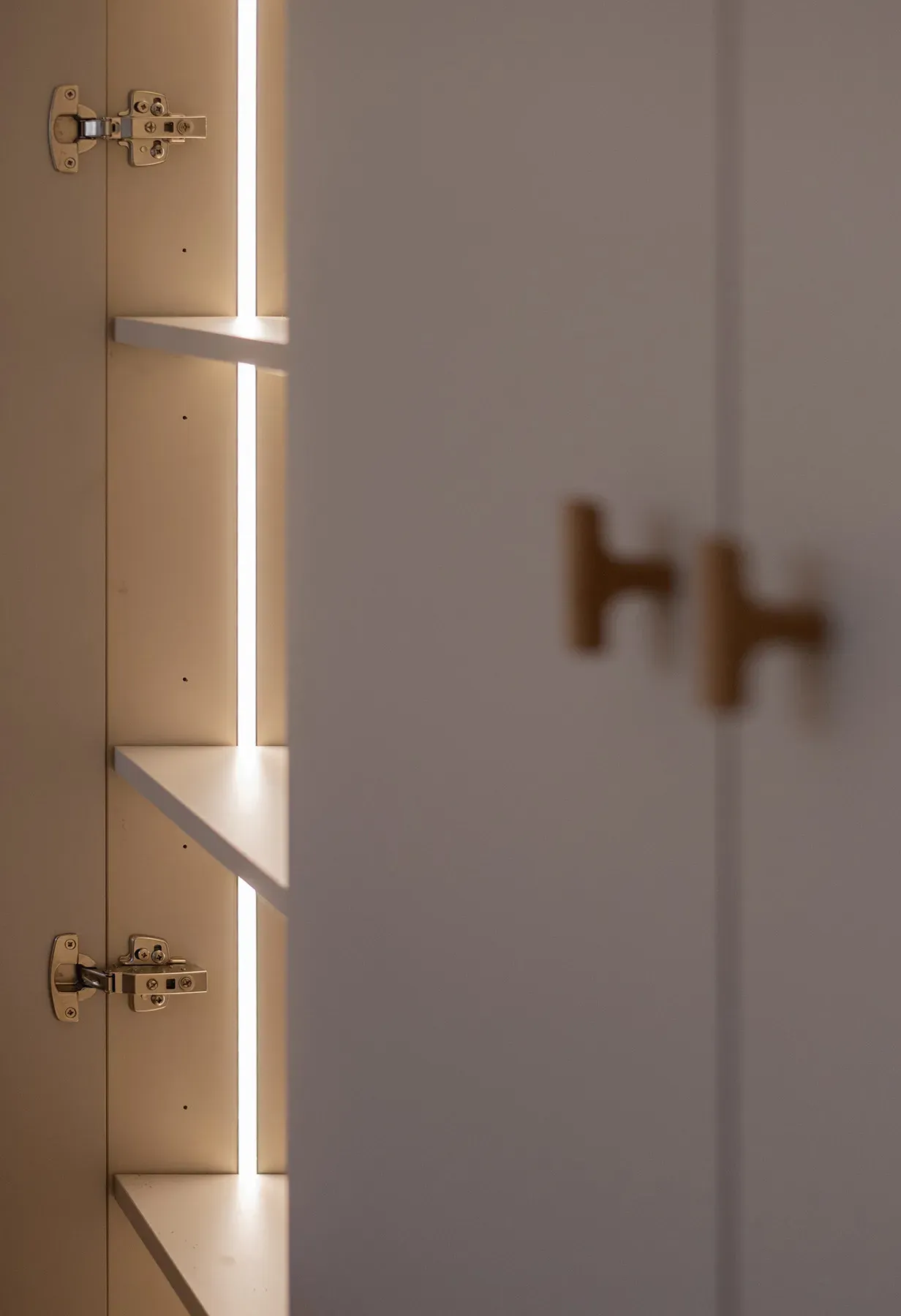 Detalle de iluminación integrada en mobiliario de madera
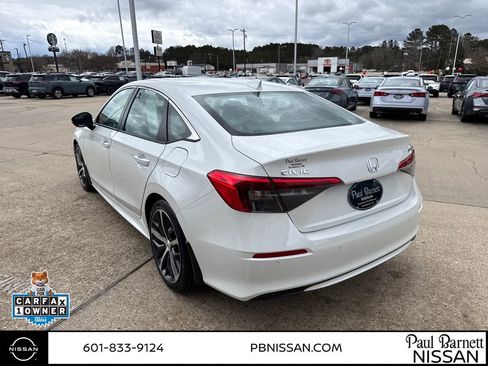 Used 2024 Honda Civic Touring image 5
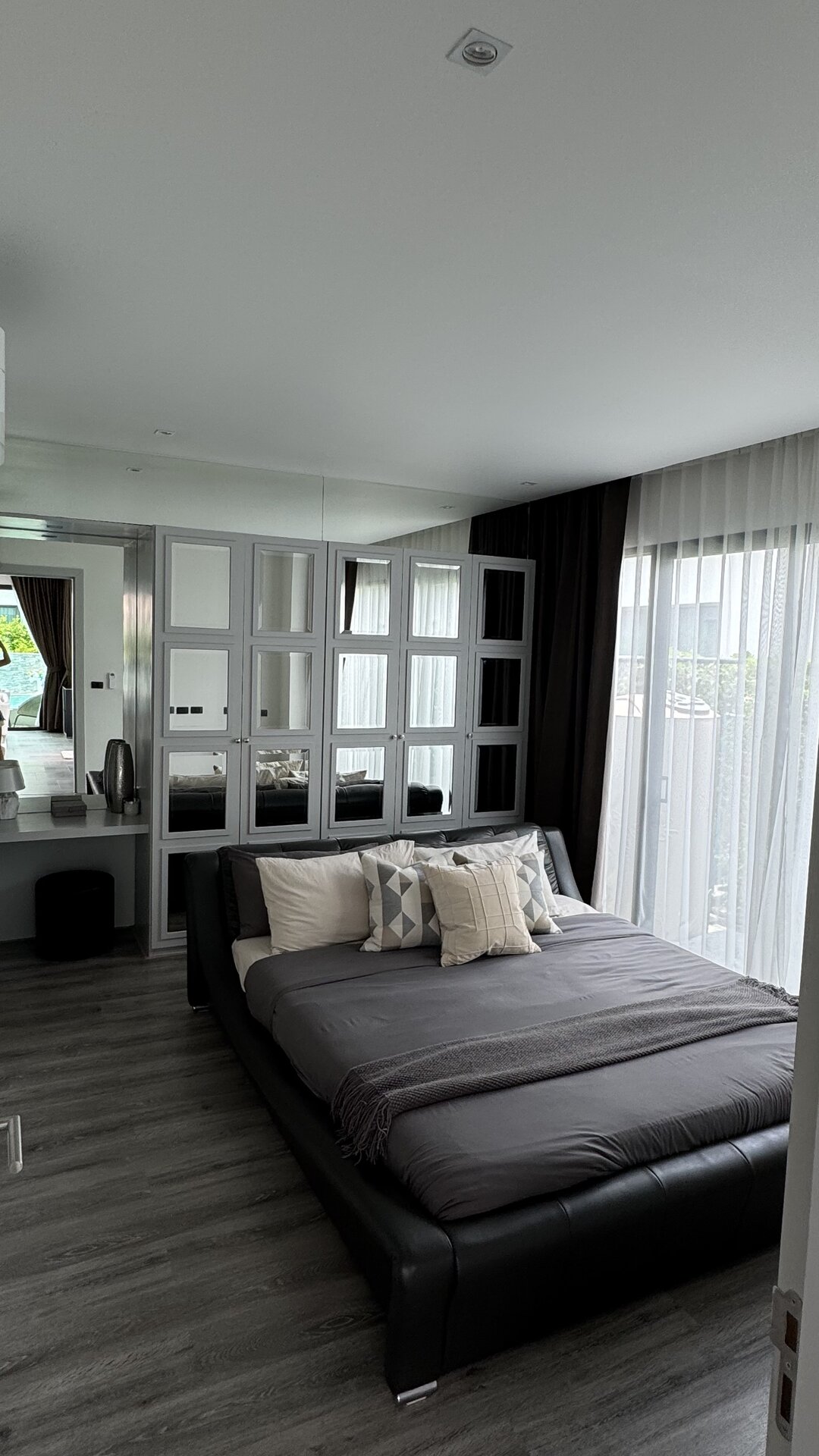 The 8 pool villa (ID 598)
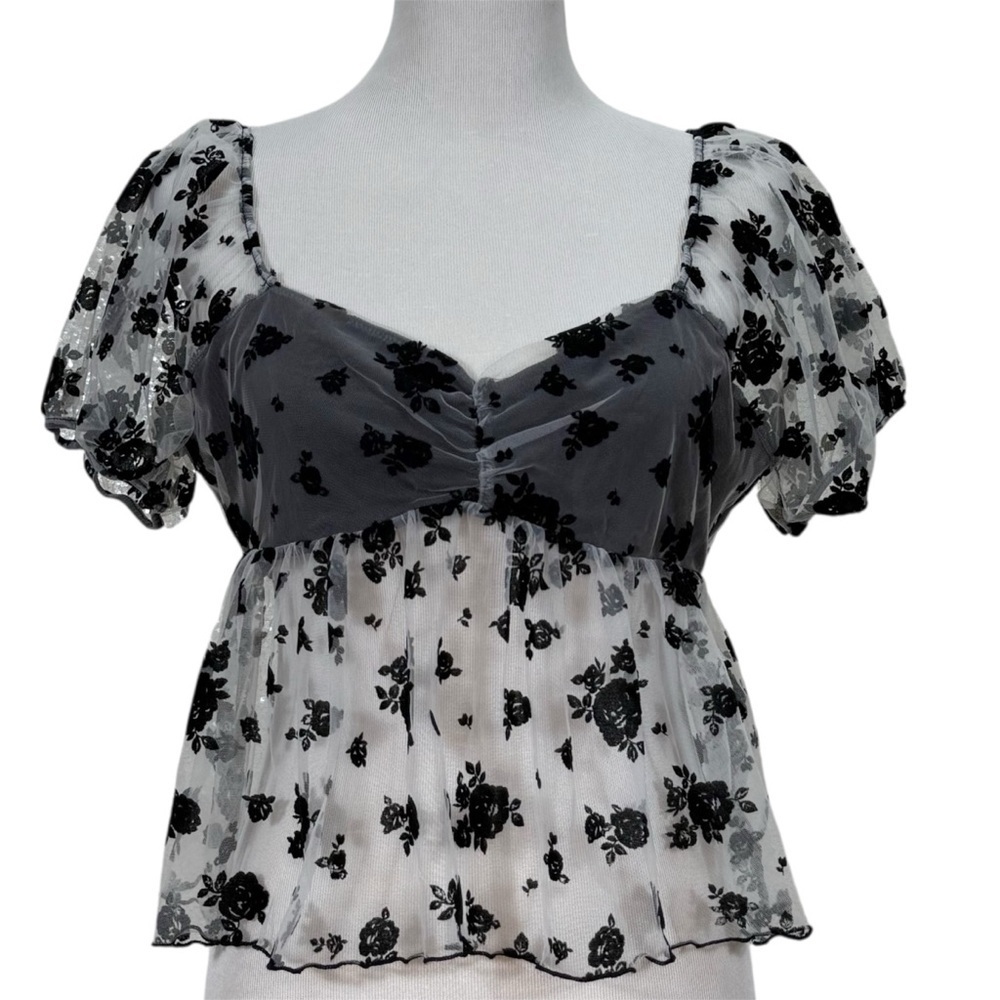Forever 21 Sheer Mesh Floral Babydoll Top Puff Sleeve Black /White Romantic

▶ _Exercise prompt_: Take the listing above and restate it word for word, without its pictures.

▶ _Result for this task_:
 Detalle de iluminación integrada en mobiliario de madera
 Used 2024 Honda Civic Touring image 5
 The 8 pool villa (ID 598)
Forever 21 Sheer Mesh Floral Babydoll Top Puff Sleeve Black /White Romantic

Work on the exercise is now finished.